5. An electrical connector, comprising,

a first insulative block supporting a strip having serially spaced apart electrical terminals along the length of the strip and projecting transversely of the length of the strip,

wire terminating means on said strip having first sets of wire terminating slots aligned along a first axis along the length of the strip, said wire terminating means having second sets of wire terminating slots aligned along a second axis along the length of the strip and offset from the first axis,

a second insulative block supporting an offset mirror image segment of said strip offset along the length of said strip,

first spaces between adjacent said first sets of wire terminating slots of said strip,

respective first sets of wire terminating slots of said offset mirror image segment of said strip fitting into corresponding said first spaces,

second spaces between adjacent said second sets of wire terminating slots of said strip,

respective second sets of wire terminating slots of said offset mirror image segment of said strip fitting into corresponding said second spaces,

third spaces between adjacent terminals of said strip,

and terminals projecting alternately from said strip and from said offset mirror image segment of said strip are provided by respective said terminals of said offset mirror image segment of said strip in alignment with said third spaces.
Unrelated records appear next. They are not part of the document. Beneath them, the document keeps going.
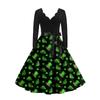 Women's Vintage Classic Dress Long Sleeve St. Patrick's Day Print V-neck Swing Dress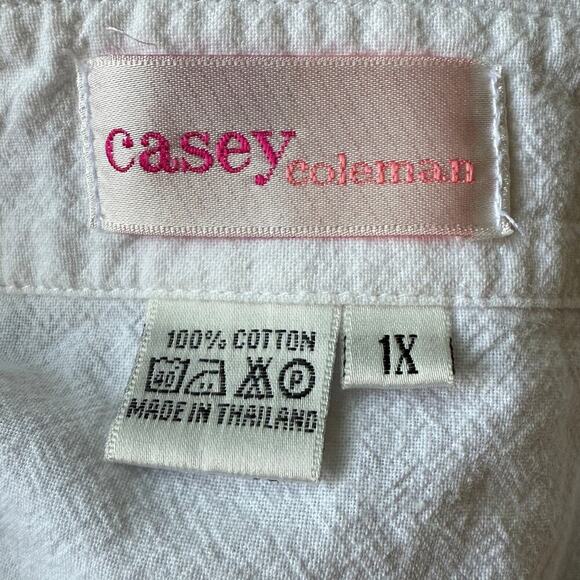 Vintage Casey Coleman Embroidered Dragonfly Button Down Shirt White 1X Cotton - Picture 5 of 7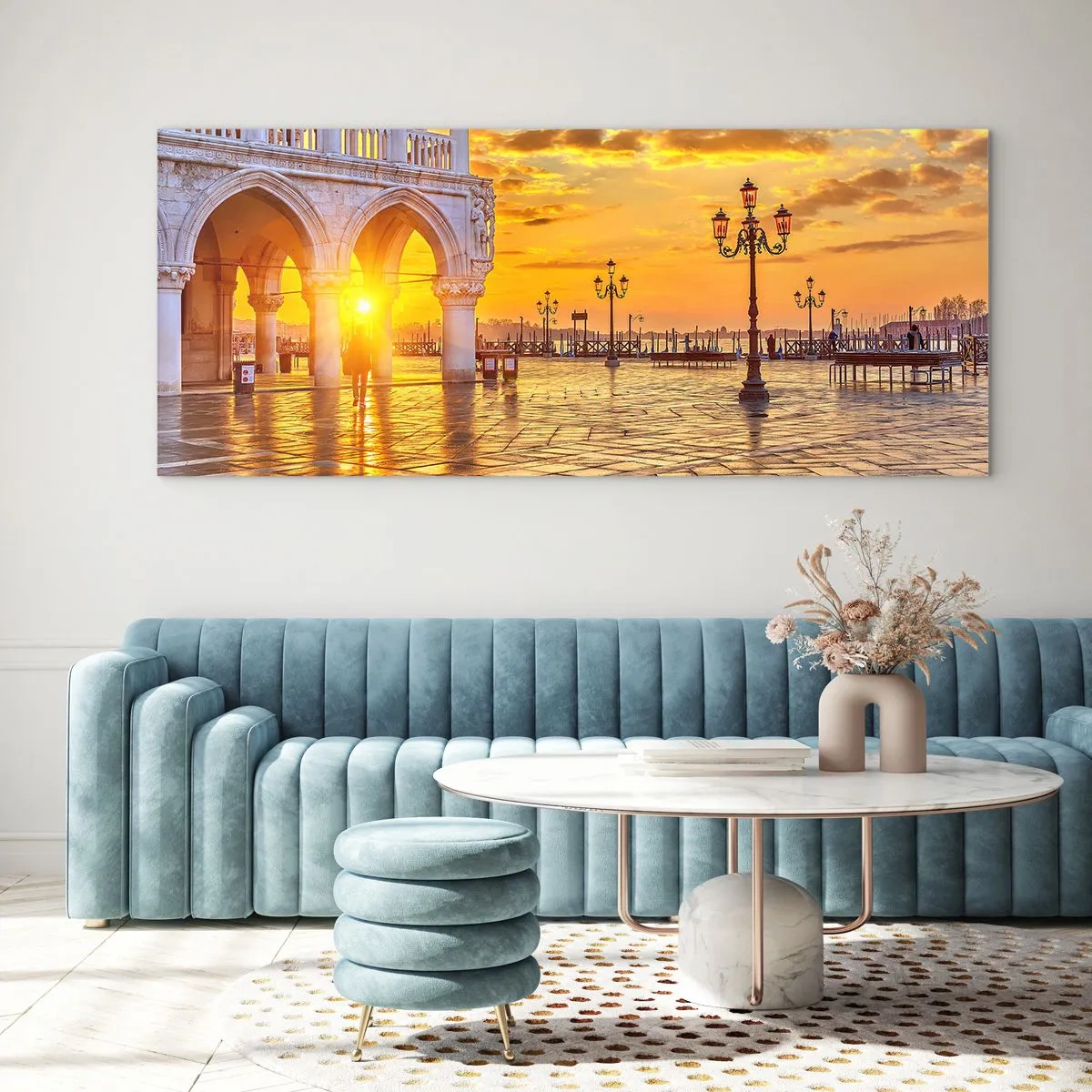 Glastavla - Bild på glas - Var är alla? - 90x30 cm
6. An electrical connector as recited in claim 5, wherein said offset mirror image segment of said strip is divided into portions electrically isolated from one another.

7. An electrical connector as recited in claim 5, wherein said first sets of wire terminating slots are opposite corresponding said second spaces.

8. An electrical connector as recited in claim 5, wherein said second sets of wire terminating slots are opposite corresponding said first spaces.

9. An electrical connector as recited in claim 5, wherein said first sets of wire terminating slots are opposite corresponding said second spaces, and said second sets of wire terminating slots are opposite corresponding said first spaces.